Source information:

——

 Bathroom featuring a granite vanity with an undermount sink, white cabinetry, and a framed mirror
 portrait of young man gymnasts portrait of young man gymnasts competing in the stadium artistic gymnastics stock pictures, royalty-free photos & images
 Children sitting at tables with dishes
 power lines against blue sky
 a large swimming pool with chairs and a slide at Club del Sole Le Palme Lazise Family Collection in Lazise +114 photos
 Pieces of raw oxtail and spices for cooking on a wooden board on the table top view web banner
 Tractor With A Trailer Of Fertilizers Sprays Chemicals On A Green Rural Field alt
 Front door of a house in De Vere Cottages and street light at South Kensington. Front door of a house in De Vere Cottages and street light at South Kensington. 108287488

——

Directions for this task: Could you transcribe all of the entries exactly, leaving nothing out?

Answer space:
 Bathroom featuring a granite vanity with an undermount sink, white cabinetry, and a framed mirror
 portrait of young man gymnasts portrait of young man gymnasts competing in the stadium artistic gymnastics stock pictures, royalty-free photos & images
 Children sitting at tables with dishes
 power lines against blue sky
 a large swimming pool with chairs and a slide at Club del Sole Le Palme Lazise Family Collection in Lazise +114 photos
 Pieces of raw oxtail and spices for cooking on a wooden board on the table top view web banner
 Tractor With A Trailer Of Fertilizers Sprays Chemicals On A Green Rural Field alt
 Front door of a house in De Vere Cottages and street light at South Kensington. Front door of a house in De Vere Cottages and street light at South Kensington. 108287488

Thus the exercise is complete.